As of Monday, the Forest Service had spent $967 million to pay for firefighters and the equipment that supports them. That included more than $200 million in the congressional Federal Land Assistance, Management and Enhancement supplemental account known as FLAME.
That left only $50 million to control at least 40 fires burning hundreds of thousands of acres in Idaho, Oregon, California, Utah, Nevada, Wyoming, Montana and other states. President Obama was briefed on fire-control efforts this week, and nearly 18,000 personnel are fighting fires.
California Gov. Jerry Brown (D) on Thursday declared a state of emergency for a wildfire near Yosemite National Park that has burned more than 84 square miles and is only 2 percent contained.
The Forest Service spends $100 million per week to manage fires when at Preparedness Level 5, its highest state of alert, which it reached Tuesday, a spokesman said. Now the service must borrow from other programs to put them out.
“The Forest Service is making $600 million available for wildfire suppression from other funds,” said spokesman Larry Chambers. “Our goal remains to safely protect communities and ensure the safety of our firefighters.
“We will continue to fund important wildfire activities, and work to minimize the impact to other programs and services,” Chambers said in a statement via e-mail.
But conservationists are deeply worried about how the government has juggled funds in recent years to pay for firefighting.
“We need to get serious about investing in forest restoration efforts that reduce the risk and intensity of fires, and we need a sound disaster funding method that provides emergency responders with the resources they need to protect people, water and wildlife,” said Chris Topik, director of the Nature Conservancy’s Restoring America’s Forests program.
Some environmentalists, as well as Forest Service officials who spoke on the condition of anonymity because of fears about losing their jobs, blame Congress.
Over seven years starting in 2002, the Agriculture Department, which runs the Forest Service, was forced to transfer $2.2 billion from other accounts to fight wildfires when the budget came up short, according to records provided by the Forest Service.
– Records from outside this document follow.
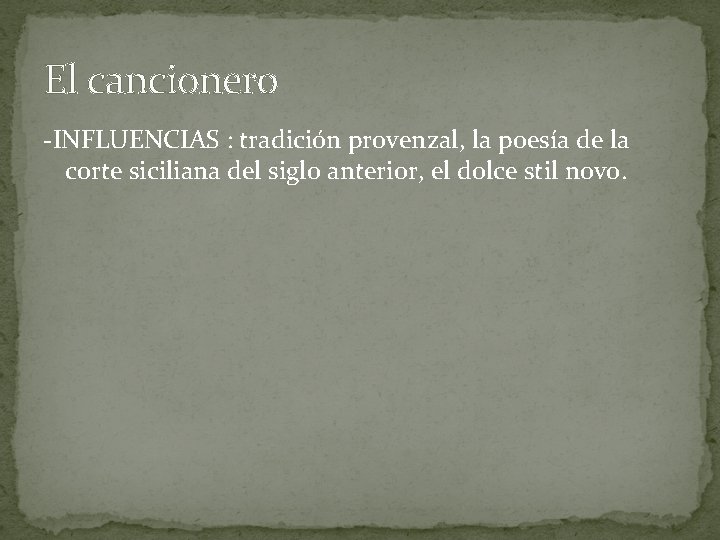 El cancionero -INFLUENCIAS : tradición provenzal, la poesía de la corte siciliana del siglo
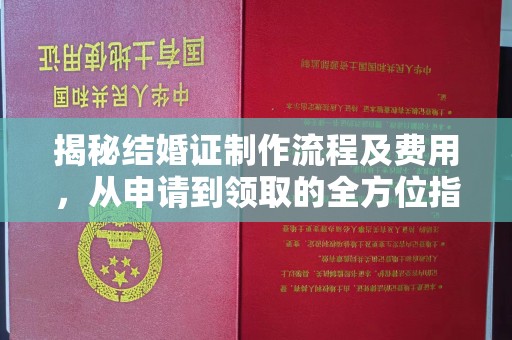吉林揭秘结婚证制作流程及费用，从申请到领取的全方位指南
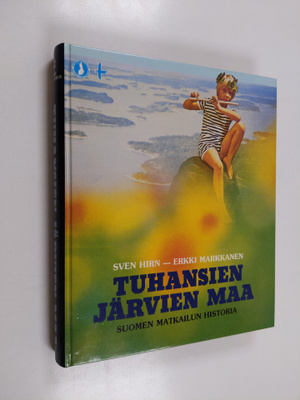 Sven Hirn : Tuhansien järvien maa : Suomen matkailun hist...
Congress, which sets the budget, at times reimbursed only a fraction of those funds. Last year, lawmakers reimbursed the USDA and the Interior Department, which plays a far lesser role in fighting fires, with $400 million from the 2013 Continuing Resolution after state firefighters and conservationists pushed to save programs that prevent fires.
Topik said the FLAME fund was supposed to erase the need for emergency cash infusions when Congress established it with $415 million in 2010.
In 2011, after the previous year’s mild season, Congress pulled $200 million from the account and placed it in the general fund. The following year resulted in the second-worst wildfire season on record.
A House Appropriations Committee spokeswoman said at the time that its chairman, Rep. Harold Rogers (R-Ky.), and members “believe that providing adequate funding for wildfire suppression is of the utmost importance. This is why they fought for hundreds of millions in funding in recent . . . legislation,” as well as in appropriations bills.
But this year’s budget sequester, forced by Congress, cut more than $115 million set aside for federal wildland fire programs, USDA and Interior officials said.
At a time when the nation faces abnormally dry conditions, particularly in the West, Agriculture Secretary Tom Vilsack and Interior Secretary Sally Jewell were forced to manage burns with 500 fewer firefighters and 50 fewer engines.
“I hope we can get through this fire season without any fatalities,” Vilsack said in May.
A little more than a month later, 19 members of the Granite Mountain Hotshots were killed fighting a blaze that suddenly engulfed them in the Arizona town of Yarnell.
More than 100 homes were destroyed in that fire.